REQUIRED ACTION: Could you set down exactly the lines of the data below, starting at the one that holds "5-in-1 Bottle Cleaning Brush" and ending at the one that holds "WORKWEAR, SAFETY &", both included, and only those?
───── DATA UNDER STUDY
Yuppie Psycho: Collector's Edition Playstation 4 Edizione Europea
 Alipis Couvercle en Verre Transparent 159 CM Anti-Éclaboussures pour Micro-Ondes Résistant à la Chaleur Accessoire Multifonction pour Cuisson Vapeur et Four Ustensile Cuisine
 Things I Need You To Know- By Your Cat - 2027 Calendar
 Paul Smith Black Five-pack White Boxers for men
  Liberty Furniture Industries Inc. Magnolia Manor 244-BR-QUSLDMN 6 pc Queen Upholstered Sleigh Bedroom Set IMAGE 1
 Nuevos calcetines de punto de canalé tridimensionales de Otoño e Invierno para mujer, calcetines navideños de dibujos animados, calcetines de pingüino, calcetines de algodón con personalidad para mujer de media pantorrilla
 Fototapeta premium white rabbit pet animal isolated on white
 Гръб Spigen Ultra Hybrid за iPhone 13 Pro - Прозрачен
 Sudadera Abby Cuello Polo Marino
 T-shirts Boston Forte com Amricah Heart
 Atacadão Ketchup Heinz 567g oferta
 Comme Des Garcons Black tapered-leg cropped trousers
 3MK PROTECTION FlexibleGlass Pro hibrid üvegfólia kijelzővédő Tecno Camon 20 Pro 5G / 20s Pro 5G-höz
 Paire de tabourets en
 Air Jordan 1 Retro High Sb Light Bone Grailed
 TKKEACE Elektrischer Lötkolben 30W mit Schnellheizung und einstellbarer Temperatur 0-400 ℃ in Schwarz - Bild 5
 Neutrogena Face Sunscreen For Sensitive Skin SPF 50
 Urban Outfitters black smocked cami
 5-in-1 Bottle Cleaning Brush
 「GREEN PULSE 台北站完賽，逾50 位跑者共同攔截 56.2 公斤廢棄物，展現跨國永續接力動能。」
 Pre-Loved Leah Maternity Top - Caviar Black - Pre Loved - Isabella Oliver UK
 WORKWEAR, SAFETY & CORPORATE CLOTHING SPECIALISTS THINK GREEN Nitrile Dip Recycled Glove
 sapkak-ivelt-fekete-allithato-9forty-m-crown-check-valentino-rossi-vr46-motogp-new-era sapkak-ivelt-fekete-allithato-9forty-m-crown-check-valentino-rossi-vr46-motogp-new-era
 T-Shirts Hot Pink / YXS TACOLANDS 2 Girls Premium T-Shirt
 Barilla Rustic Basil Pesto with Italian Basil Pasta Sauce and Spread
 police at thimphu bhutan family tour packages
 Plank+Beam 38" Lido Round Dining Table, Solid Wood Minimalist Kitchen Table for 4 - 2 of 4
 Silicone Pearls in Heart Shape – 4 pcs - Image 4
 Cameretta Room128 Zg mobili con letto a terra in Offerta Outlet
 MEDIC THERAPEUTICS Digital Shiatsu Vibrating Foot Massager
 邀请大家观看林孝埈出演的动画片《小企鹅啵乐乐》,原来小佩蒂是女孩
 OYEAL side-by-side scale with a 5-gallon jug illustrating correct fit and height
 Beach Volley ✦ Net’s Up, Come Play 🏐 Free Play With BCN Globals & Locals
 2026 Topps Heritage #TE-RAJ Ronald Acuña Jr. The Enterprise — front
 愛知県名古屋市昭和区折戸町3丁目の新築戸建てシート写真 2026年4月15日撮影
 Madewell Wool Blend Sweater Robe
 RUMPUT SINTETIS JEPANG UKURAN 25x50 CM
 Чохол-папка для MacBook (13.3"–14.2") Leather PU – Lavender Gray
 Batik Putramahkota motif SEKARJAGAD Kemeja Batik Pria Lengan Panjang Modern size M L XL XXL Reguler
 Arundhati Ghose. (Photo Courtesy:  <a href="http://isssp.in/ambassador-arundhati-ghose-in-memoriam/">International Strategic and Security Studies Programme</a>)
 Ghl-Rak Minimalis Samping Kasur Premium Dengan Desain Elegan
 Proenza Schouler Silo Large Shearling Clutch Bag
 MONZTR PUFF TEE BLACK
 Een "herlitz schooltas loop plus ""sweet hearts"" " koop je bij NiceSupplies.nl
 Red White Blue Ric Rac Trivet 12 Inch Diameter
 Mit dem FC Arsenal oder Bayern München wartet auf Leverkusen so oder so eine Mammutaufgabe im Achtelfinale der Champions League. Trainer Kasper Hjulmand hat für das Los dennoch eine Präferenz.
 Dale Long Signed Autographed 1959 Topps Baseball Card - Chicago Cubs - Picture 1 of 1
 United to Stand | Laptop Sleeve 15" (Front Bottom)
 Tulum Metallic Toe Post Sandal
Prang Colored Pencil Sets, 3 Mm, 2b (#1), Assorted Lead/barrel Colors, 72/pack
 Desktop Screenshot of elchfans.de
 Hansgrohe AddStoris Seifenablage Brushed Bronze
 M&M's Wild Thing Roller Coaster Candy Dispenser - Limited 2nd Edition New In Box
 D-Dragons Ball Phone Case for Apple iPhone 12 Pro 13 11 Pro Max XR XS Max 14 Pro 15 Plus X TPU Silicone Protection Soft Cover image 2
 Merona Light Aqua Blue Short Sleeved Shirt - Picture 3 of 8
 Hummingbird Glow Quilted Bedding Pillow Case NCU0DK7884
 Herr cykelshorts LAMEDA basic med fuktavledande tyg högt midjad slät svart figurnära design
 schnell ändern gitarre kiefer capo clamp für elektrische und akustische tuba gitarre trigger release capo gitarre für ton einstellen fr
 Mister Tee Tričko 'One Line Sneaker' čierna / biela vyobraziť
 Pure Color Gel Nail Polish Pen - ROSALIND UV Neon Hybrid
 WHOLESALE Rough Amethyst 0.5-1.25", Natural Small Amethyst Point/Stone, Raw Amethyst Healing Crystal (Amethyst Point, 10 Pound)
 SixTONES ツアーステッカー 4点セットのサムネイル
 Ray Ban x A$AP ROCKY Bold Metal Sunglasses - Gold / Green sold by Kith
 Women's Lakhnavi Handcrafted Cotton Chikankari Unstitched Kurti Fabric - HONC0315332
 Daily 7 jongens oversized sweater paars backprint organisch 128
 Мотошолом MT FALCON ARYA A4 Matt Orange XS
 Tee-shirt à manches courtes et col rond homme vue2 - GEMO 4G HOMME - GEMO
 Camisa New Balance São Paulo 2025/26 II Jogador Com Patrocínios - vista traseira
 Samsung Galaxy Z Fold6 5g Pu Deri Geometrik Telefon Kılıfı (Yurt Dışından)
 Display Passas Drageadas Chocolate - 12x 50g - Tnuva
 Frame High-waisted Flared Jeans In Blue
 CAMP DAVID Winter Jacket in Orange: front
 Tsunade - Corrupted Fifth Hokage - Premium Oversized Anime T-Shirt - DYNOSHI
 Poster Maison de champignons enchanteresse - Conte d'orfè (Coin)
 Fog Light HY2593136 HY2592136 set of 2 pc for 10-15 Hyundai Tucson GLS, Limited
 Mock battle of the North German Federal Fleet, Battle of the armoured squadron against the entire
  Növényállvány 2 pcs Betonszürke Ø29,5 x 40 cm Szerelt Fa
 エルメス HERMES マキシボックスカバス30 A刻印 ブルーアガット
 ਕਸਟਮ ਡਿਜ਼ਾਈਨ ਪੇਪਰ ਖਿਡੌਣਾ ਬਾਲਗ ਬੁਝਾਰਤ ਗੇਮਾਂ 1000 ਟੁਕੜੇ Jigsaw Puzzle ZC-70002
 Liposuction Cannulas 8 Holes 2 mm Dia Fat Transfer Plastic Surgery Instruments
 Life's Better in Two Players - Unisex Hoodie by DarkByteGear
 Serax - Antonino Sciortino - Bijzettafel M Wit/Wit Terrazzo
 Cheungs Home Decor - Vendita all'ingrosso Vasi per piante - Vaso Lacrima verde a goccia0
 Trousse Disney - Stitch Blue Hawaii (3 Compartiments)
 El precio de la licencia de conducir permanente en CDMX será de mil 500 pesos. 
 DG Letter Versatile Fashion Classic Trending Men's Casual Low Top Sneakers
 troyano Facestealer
──────────
YOUR RESPONSE:
 5-in-1 Bottle Cleaning Brush
 「GREEN PULSE 台北站完賽，逾50 位跑者共同攔截 56.2 公斤廢棄物，展現跨國永續接力動能。」
 Pre-Loved Leah Maternity Top - Caviar Black - Pre Loved - Isabella Oliver UK
 WORKWEAR, SAFETY & CORPORATE CLOTHING SPECIALISTS THINK GREEN Nitrile Dip Recycled Glove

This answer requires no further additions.